Fixes: a8a572a6b5f2 ("xfrm: dst_entries_init() per-net dst_ops")
Reported-by: Ilya Maximets <i.maximets@ovn.org>
Closes: https://lore.kernel.org/netdev/CANn89iKKYDVpB=MtmfH7nyv2p=rJWSLedO5k7wSZgtY_tO8WQg@mail.gmail.com/T/#m02c98c3009fe66382b73cfb4db9cf1df6fab3fbf
Signed-off-by: Eric Dumazet <edumazet@google.com>
---
Cc: Dan Streetman <dan.streetman@canonical.com>
Cc: Steffen Klassert <steffen.klassert@secunet.com>

v2: replaced llist_for_each_entry() with llist_for_each_entry_safe().
v1: https://lore.kernel.org/netdev/20241203165045.2428360-1-edumazet@google.com/
---
 include/net/net_namespace.h |  1 +
 net/core/net_namespace.c    | 20 +++++++++++++++++++-
 2 files changed, 20 insertions(+), 1 deletion(-)

Comments

Paolo Abeni Dec. 5, 2024, 8:35 a.m.
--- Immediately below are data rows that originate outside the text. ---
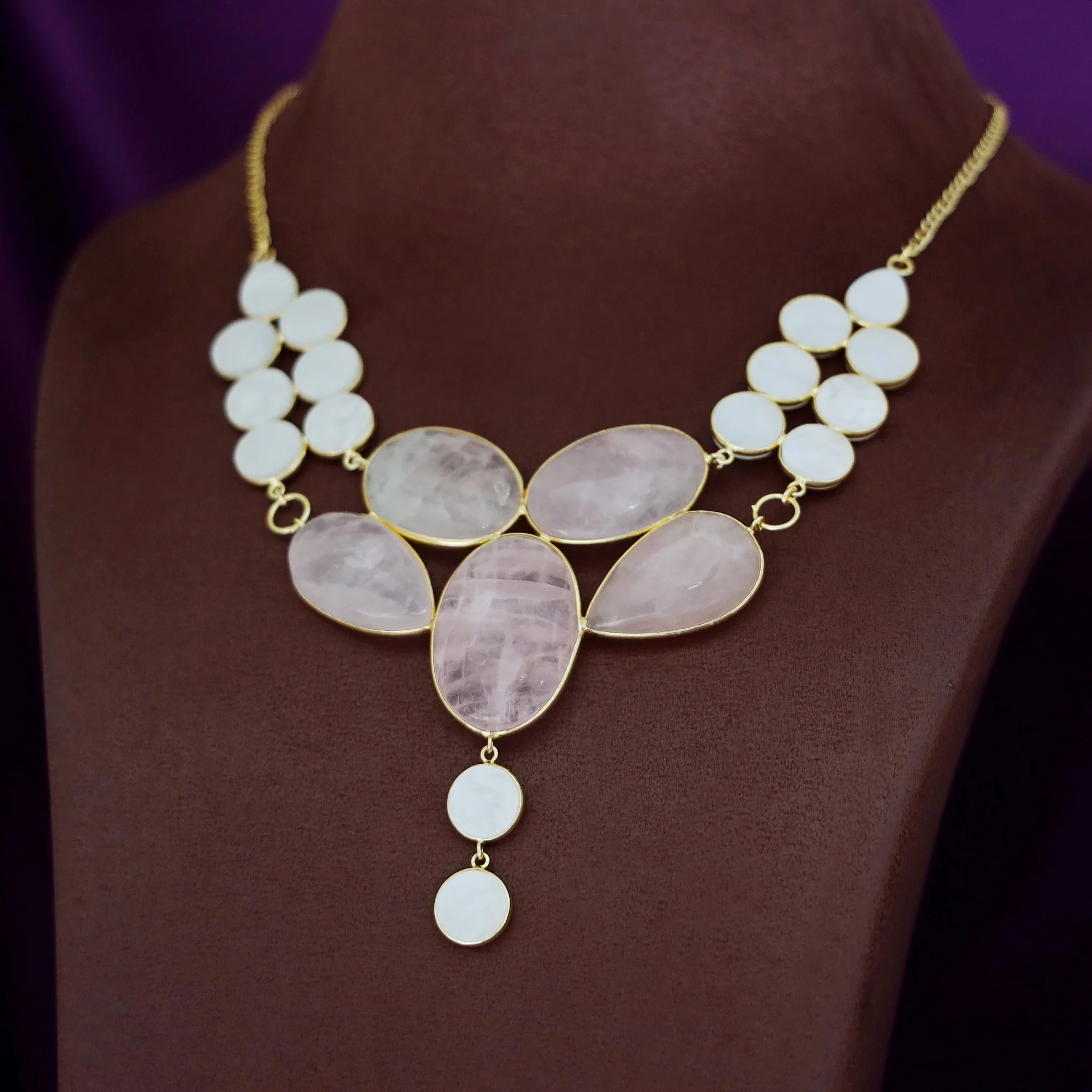 Briana MOP + Natural Stone Neckpiece - Image 3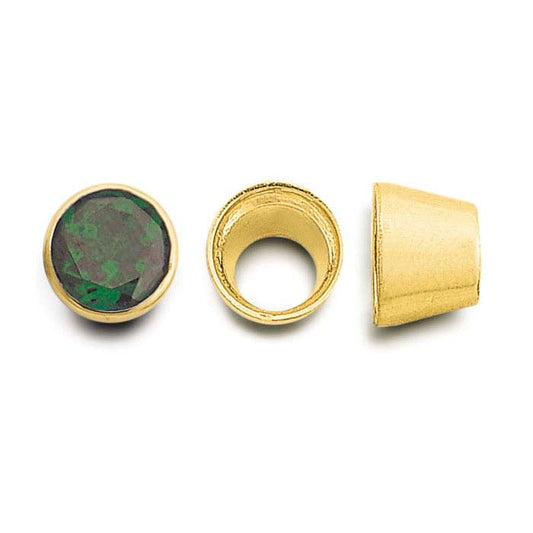 14K Yellow Gold 3mm Round Tapered Tube Bezel Setting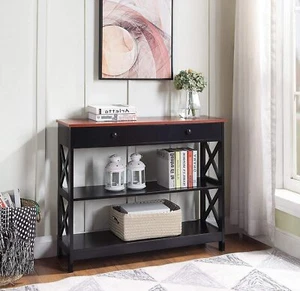 Accent Table With Storage Drawer Console Organizer Decorative Cherry Wood Black - Picture 1 of 3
UTC | #1
On 12/4/24 13:54, Eric Dumazet wrote:
> Ilya reported a slab-use-after-free in dst_destroy [1]
> 
> Issue is in xfrm6_net_init() and xfrm4_net_init() :
> 
> They copy xfrm[46]_dst_ops_template into net->xfrm.xfrm[46]_dst_ops.
> 
> But net structure might be freed before all the dst callbacks are
> called. So when dst_destroy() calls later :
> 
> if (dst->ops->destroy)
>     dst->ops->destroy(dst);
> 
> dst->ops points to the old net->xfrm.xfrm[46]_dst_ops, which has been freed.
> 
> See a relevant issue fixed in :
> 
> ac888d58869b ("net: do not delay dst_entries_add() in dst_release()")
> 
> A fix is to queue the 'struct net' to be freed after one
> another cleanup_net() round (and existing rcu_barrier())

I'm sorry for the late feedback.

If I read correctly the above means that the actual free could be
delayed for an unlimited amount of time, did I misread something?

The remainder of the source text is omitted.